Leave out all pictures while repeating the records exactly and completely.

========

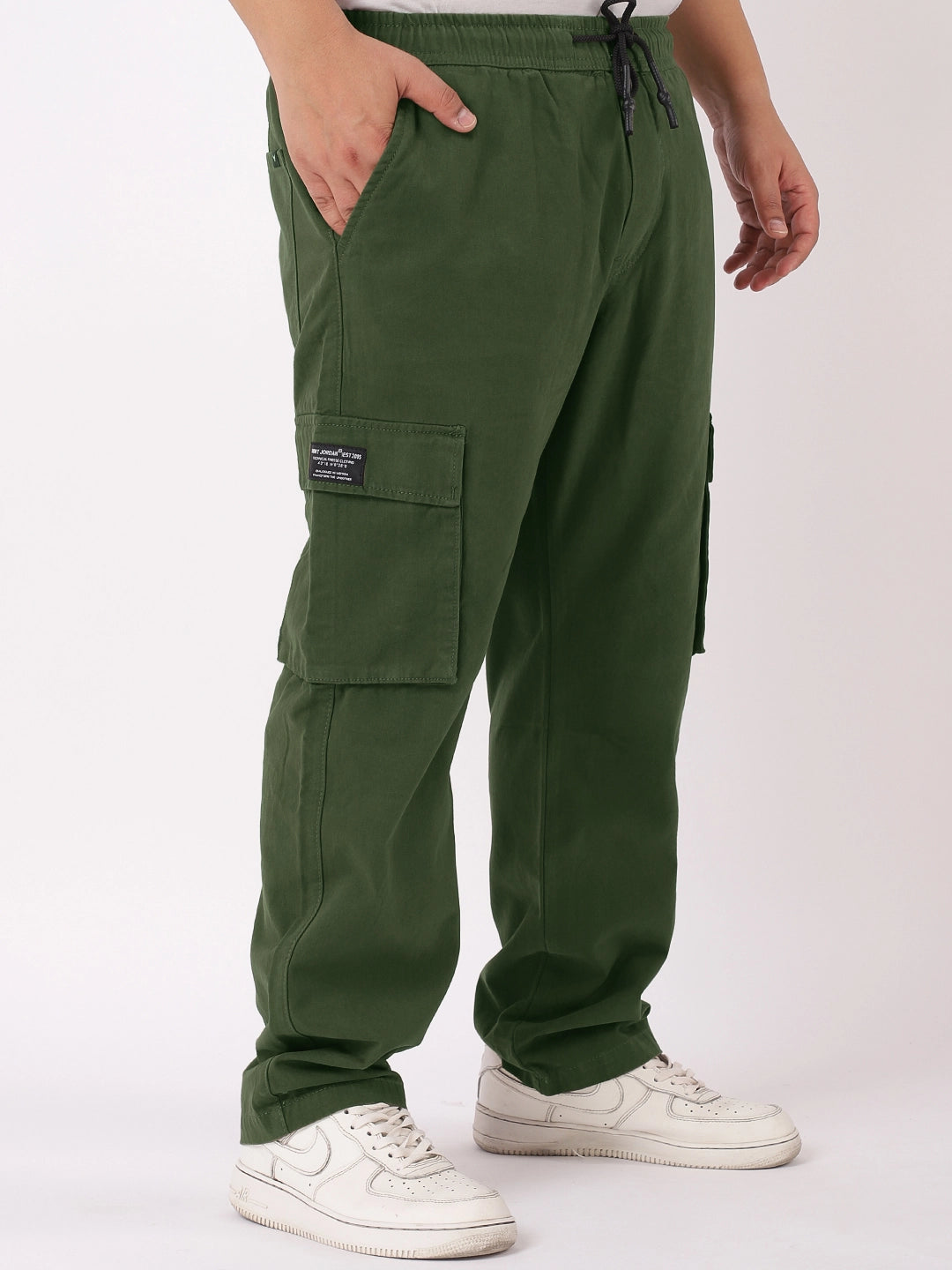 Grindel Green Plus Size Cargo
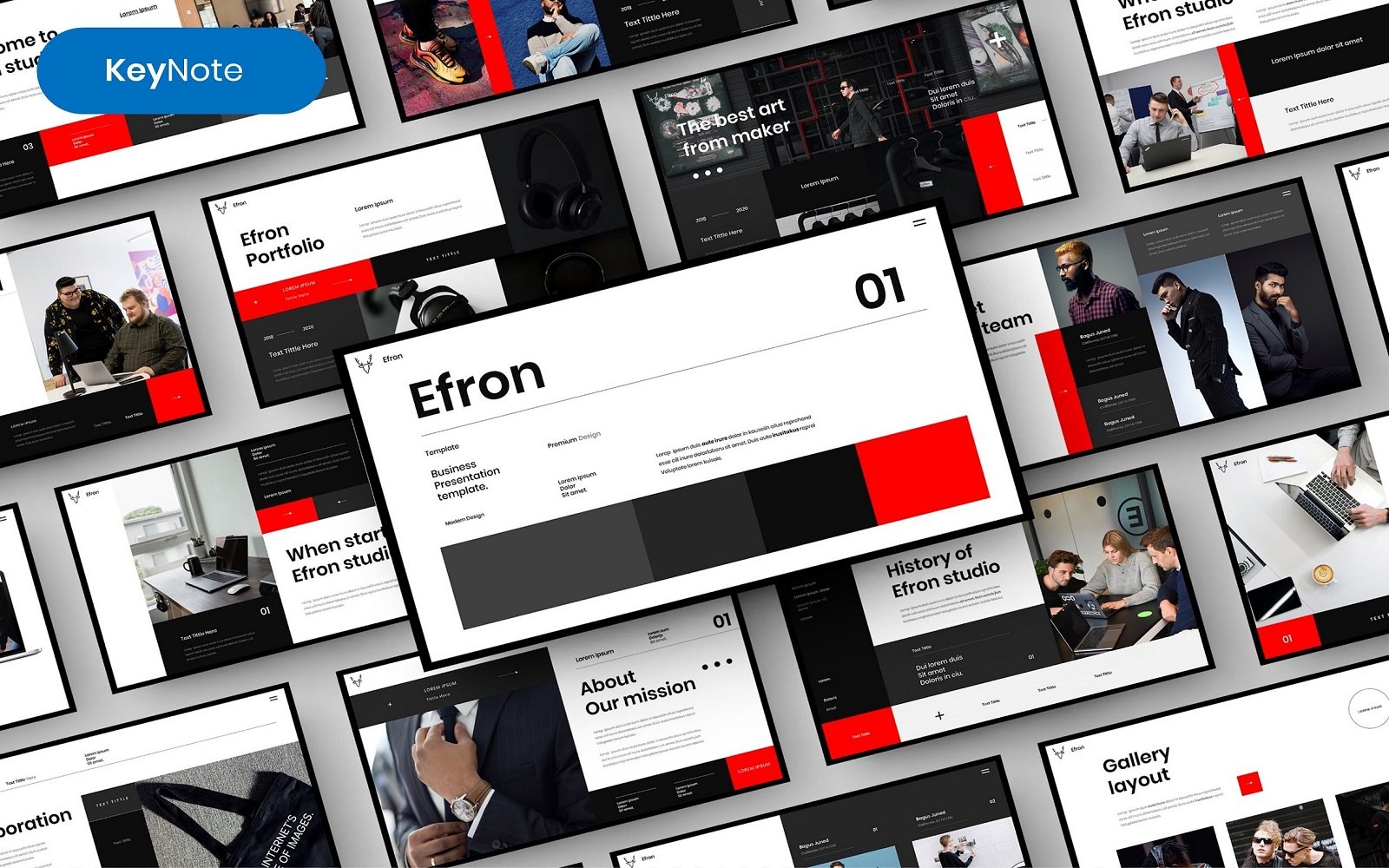 Efron – Business Keynote Template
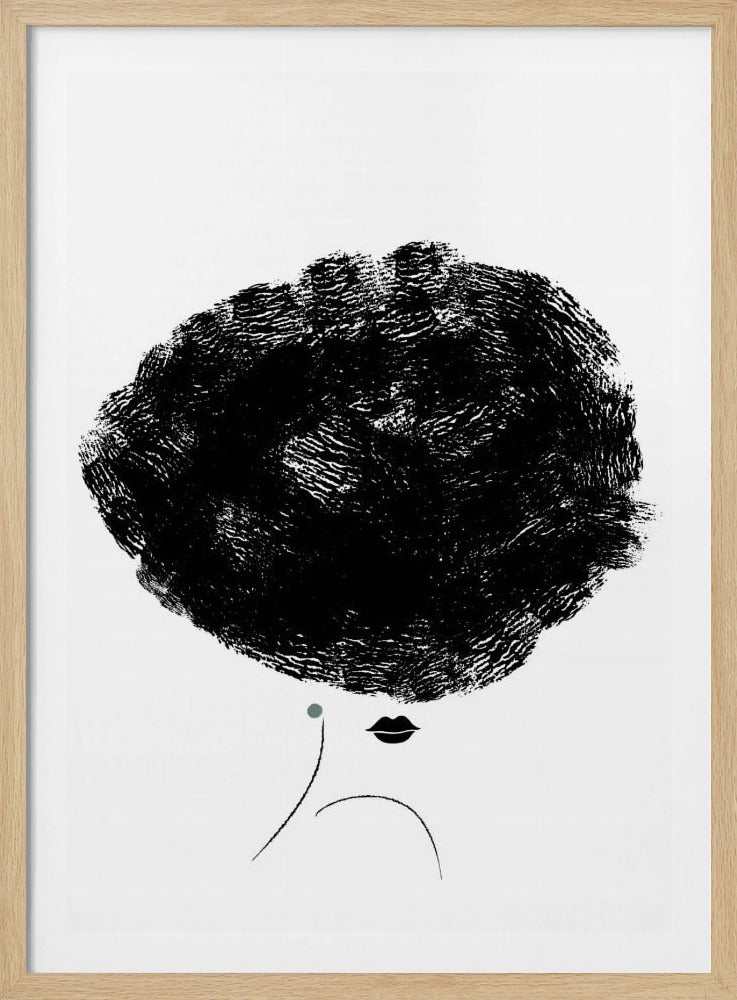 Ballerina Hair | Poster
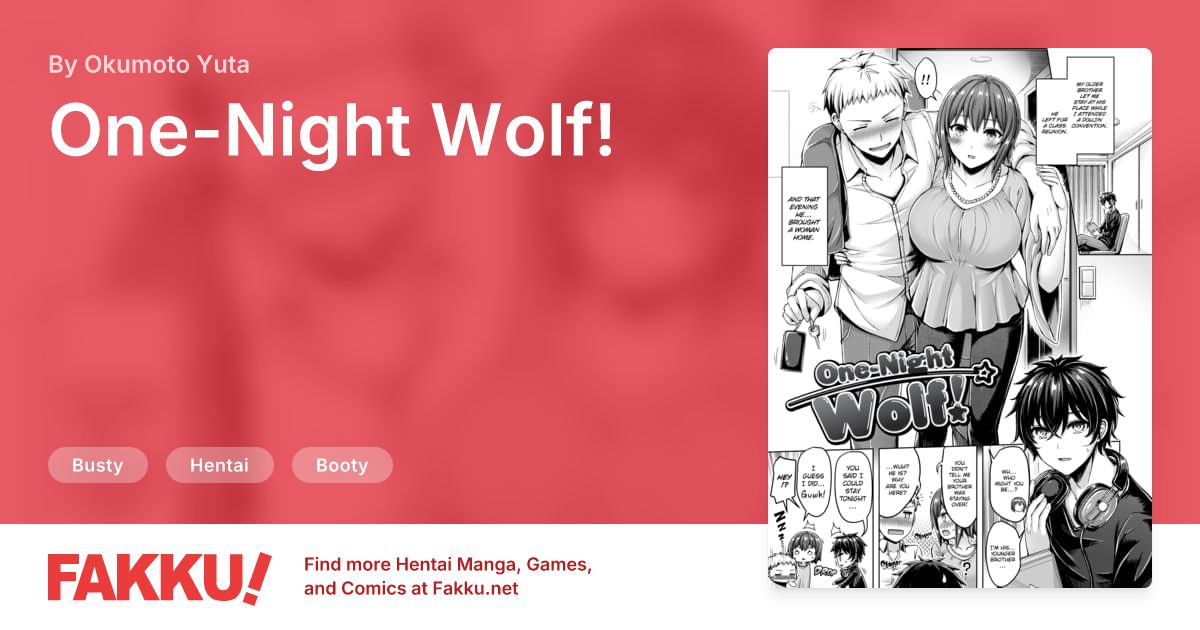 One-Night Wolf! Hentai by Okumoto Yuta - FAKKU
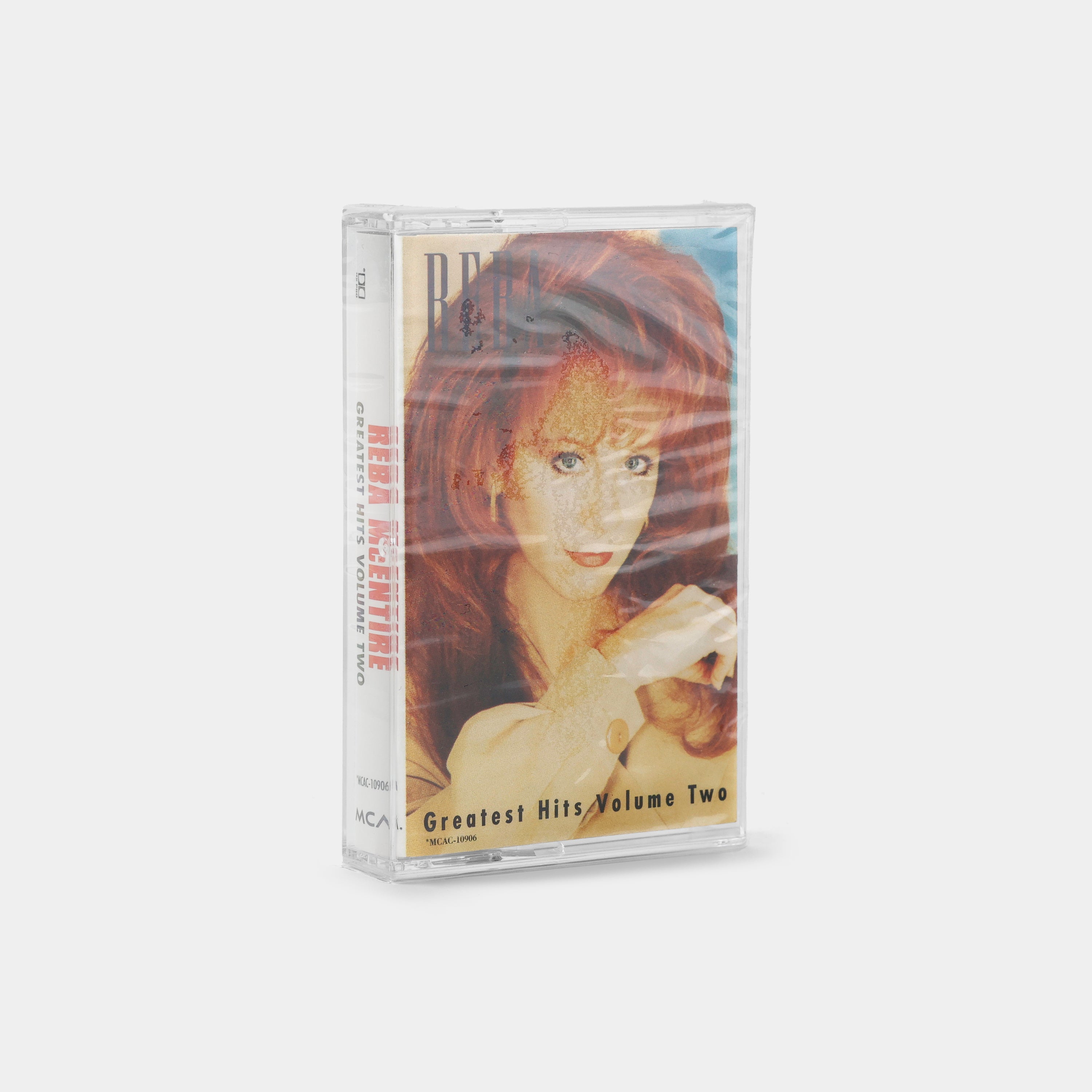 Reba McEntire - Greatest Hits Volume Two Cassette Tape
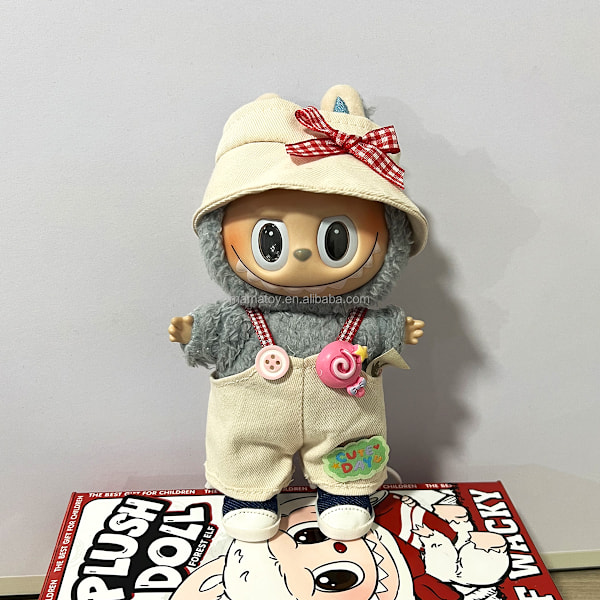 [HH]Labubu Kläder Variation av Stilar Byxor Kjol Hatt Rem Byxor Tillverkare Hög Kvalitet Dolls not included Labu - 6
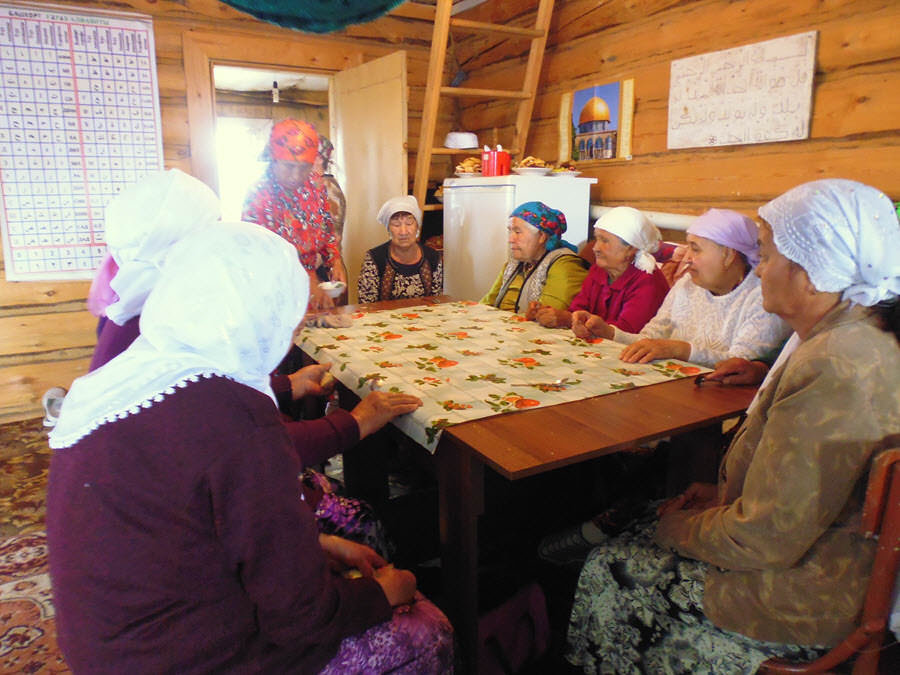 мусульманки Таштимеровской мечети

========

Answer to the exercise
 Grindel Green Plus Size Cargo
 Efron – Business Keynote Template
 Ballerina Hair | Poster
 One-Night Wolf! Hentai by Okumoto Yuta - FAKKU
 Reba McEntire - Greatest Hits Volume Two Cassette Tape
 [HH]Labubu Kläder Variation av Stilar Byxor Kjol Hatt Rem Byxor Tillverkare Hög Kvalitet Dolls not included Labu - 6
 мусульманки Таштимеровской мечети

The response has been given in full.